声楽が、発声や歌唱の正解のように普及したのは、いろんな理由があります。特に日本では、欧化政策の影響と欧米文化への憧れが大きかったということがあるでしょう。
他の分野に比べ、クラシック音楽はオーケストラをはじめ、見事にプログラム化が成されていたからに他なりません。高度に声を扱えるレベルのスターが複数いて、レコードやラジオなどで世界的に普及したたことも大きいと思います。
オペラ、オーケストラの規模は、一見、同一性を目指しているようで、実際は、もっと多様なもの、人、技に支えられています。問われるのは、数、量、均質な全体でなく、個性のある人、個の技の調和なのです。
とはいえ、その結果、観る者(客)と、観られるものを厳密に分け、主体―客体を持ち込みました。それゆえ、コンクールなどを含め、同じ演目のくり返しの演奏、継承のために、統一した基準ができてきました。そして、演目の上達のためのプログラム化、教材化もなされたし、できたのです。

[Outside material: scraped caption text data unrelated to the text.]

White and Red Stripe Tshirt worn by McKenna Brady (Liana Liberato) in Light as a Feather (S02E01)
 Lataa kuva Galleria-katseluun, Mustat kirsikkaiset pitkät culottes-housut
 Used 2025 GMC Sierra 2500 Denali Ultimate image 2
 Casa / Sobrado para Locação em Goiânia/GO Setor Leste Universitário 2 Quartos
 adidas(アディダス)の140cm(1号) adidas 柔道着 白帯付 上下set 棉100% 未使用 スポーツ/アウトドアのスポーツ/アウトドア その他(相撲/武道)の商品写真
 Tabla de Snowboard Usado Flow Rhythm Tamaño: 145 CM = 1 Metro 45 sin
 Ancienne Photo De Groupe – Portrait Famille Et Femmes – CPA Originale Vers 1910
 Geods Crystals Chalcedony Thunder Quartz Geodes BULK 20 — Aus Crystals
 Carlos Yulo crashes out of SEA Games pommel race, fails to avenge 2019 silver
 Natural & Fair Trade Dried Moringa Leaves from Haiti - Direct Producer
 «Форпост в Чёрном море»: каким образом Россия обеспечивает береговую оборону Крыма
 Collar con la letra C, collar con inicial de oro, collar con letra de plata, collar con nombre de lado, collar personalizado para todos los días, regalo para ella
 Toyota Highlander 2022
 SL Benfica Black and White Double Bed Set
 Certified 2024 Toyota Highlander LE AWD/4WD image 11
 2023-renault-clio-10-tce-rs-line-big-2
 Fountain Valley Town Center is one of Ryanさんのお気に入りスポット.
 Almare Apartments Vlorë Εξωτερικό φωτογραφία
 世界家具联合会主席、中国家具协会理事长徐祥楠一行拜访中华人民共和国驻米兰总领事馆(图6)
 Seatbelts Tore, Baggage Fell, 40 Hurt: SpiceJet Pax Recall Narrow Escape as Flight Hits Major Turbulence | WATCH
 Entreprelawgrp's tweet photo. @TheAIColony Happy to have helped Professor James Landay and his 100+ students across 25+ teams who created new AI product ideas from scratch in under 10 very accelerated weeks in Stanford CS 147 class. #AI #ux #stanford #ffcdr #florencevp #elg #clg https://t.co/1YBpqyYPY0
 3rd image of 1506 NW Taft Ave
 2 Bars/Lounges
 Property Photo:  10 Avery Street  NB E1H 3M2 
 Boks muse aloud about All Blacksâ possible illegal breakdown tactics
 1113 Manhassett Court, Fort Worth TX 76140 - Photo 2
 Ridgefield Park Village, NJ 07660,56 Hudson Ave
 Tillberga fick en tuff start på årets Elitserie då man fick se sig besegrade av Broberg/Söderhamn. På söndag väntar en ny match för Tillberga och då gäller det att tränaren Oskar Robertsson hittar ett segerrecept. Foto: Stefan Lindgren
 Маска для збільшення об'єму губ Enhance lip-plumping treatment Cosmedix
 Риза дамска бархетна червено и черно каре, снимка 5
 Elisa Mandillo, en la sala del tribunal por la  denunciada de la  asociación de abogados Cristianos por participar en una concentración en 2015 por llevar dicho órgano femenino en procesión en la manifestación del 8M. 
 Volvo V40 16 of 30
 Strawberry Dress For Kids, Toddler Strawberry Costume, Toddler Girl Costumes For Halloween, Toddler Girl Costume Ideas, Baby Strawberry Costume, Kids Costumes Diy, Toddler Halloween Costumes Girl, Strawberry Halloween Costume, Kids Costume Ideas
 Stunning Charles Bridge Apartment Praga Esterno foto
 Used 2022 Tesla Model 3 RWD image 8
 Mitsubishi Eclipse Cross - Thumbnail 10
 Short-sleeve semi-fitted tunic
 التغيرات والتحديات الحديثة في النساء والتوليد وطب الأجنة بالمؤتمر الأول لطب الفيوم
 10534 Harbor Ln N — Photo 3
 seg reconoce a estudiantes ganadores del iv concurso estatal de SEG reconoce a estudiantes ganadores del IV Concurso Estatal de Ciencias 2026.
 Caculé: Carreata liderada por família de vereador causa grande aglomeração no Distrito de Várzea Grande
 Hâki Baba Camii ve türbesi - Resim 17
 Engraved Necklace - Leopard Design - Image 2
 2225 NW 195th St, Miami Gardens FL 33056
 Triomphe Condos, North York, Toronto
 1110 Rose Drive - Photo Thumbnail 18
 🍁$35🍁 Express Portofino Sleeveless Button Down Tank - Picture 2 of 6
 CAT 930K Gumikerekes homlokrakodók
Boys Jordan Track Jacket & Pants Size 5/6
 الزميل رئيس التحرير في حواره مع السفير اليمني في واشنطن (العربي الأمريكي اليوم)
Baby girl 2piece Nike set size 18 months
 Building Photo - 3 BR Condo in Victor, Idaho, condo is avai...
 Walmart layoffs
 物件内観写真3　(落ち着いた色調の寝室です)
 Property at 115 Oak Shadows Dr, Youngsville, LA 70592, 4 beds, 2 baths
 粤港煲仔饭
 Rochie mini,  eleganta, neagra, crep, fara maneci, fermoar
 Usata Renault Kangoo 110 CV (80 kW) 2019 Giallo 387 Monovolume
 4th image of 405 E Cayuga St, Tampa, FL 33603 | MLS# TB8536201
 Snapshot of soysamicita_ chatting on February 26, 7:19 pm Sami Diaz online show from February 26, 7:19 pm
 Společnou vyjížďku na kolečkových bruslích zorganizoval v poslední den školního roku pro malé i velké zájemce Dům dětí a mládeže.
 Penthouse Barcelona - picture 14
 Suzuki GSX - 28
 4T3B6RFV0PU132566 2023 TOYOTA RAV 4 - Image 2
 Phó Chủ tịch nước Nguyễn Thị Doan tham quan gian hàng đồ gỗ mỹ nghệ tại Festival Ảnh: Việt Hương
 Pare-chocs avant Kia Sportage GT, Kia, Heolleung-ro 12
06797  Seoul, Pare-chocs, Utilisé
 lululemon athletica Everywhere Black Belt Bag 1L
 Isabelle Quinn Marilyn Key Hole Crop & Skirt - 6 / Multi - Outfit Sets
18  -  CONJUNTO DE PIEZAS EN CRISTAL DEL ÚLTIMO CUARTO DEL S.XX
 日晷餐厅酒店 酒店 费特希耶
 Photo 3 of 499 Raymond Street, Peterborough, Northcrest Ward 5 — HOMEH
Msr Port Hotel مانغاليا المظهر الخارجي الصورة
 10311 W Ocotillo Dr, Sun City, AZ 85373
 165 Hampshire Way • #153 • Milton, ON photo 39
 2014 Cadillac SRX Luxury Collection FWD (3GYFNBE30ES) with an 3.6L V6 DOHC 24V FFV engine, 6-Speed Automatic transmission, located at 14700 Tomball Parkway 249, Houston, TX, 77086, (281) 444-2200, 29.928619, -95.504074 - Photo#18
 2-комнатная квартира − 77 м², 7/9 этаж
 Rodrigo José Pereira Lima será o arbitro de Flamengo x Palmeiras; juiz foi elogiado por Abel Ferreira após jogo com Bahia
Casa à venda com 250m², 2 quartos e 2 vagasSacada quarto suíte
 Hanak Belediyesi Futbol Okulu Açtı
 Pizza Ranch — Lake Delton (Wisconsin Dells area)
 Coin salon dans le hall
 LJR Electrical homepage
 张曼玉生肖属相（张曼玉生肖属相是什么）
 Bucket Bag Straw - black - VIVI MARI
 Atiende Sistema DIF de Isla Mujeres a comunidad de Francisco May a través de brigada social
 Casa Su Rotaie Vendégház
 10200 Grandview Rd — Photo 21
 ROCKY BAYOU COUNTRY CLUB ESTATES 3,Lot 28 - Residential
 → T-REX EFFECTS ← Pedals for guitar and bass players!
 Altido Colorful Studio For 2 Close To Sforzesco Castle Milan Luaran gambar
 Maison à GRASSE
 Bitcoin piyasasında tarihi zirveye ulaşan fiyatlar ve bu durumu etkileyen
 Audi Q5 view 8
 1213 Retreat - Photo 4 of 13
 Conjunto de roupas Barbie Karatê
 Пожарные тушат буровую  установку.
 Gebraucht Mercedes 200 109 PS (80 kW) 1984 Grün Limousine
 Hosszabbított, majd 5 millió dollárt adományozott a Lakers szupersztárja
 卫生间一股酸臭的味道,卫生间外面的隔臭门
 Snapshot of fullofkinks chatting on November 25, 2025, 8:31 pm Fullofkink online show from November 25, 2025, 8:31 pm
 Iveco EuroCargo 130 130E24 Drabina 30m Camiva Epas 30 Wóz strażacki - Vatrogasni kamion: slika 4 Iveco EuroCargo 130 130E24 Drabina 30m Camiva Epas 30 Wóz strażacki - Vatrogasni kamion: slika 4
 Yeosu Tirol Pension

同じメーカーのつくった同じ楽器で、同じ曲を合わせていく。すると、うまい、下手が明確に基準化され、オーディション、コンクールの基準ができます。それを補う方法や教材、教育プログラムも研究されます。
世界中の歌手、歴史的にもすぐれた歌手と比較できるのは、クラシックの強さです。他の歌、民族音楽では、ある地域である時期にできても、クラシックほど広汎にサンプルや基準をとれません。
科学は、物理学や生理学的に、発声について詳しく説明しようとしていますが、あくまで、発声モデルの解説なのです。トレーニングによる変化などについては、解明されていません。
ヴォイトレは、発声法として扱われてきましたが、歌手には、必要悪でした。声の仕組みや原理にこだわることで正すのでなく、歌の聞き方とイメージで感覚的にとり入れて、一方で自らの体でもっともよい使い方を学んでいくようにしてください。